Calista is born in Soissons, a city on the Aisne River. World War I starts when Calista is nine. She loses both her parents and is then taken in by a benevolent older couple. She meets Captain Simeon Gereau when French forces start to mass along the river in preparation for the famous Chemin des Dames assault of April 1917, where tens of thousands of French soldiers die in just fifteen days.
Calista dies two days before the battle begins, immediately after she is Confirmed. Simon Gereau feels responsible for her death. A more detailed reading of Calista's Song will provide the answer to why Captain Gereau comes to such a conclusion. Calista Planiere affects all those she meets during the three hellish years of the Great War. Further, she lives out her life in a way that causes others to have more regard for their own.
About the Author
Lee Kolesnikoff has some experience with the inner workings of the clergy. His father was employed as choirmaster of a church in Brooklyn and his mother was the daughter of a priest. Throughout his youth, he never lived more than thirty feet from the Russian Greek Church of the Holy Transfiguration. When the church janitor became ill, Lee polished brass candleholders, helped shovel coal into the furnace and cleaned the glass panes protecting the icons of the saints. He sang at grave-side services, in the alto, and tenor sections of the church choir, read the psalter during Lenten services, reading the prayers and supplications in the original church Slavonic. Through the activities of his parents he vicariously became privy to the problems confronting the church, dialogues concerning finances, the purity of the church, political maneuvers, struggles for power, the behavior of the clergy, its priests, deacons and elders.
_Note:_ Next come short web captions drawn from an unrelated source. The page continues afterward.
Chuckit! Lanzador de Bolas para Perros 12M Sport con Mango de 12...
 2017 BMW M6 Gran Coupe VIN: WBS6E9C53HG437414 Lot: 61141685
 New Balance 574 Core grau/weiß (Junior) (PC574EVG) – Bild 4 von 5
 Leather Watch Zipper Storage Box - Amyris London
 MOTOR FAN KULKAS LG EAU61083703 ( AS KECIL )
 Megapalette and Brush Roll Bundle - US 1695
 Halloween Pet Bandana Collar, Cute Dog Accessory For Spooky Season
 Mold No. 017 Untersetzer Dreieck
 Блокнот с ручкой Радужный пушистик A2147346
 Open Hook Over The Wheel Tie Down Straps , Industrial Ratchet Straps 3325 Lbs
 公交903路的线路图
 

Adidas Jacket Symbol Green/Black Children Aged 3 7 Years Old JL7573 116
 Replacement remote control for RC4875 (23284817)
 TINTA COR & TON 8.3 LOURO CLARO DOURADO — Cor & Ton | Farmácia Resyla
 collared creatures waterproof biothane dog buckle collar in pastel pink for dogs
At the age of twelve, Lee started the church's first Sunday school with twenty students attending. Not funded by the church, he cajoled, pleaded and enticed the students' parents to buy the religious literature necessary for the classes. He received th e support he asked for. Three years later, when the number of students reached 75, the church retained a seminarian to assume the responsibilities of the burgeoning endeavor.
One of Lee's relatives, studying to be a priest at Union Theological Seminary, provided him with an opportunity to mingle and sit in on the novices' discussions. He noted their concerns, fears and hopes. He heard their arguments supporting and sometimes questioning church dogma. He witnessed their pain and frustration as they struggled to become priests.
Lee Kolesnikoff lives in Clifton Park, New York with his wife Eugenia. Their constant companion is Girlie, an Abyssinian cat.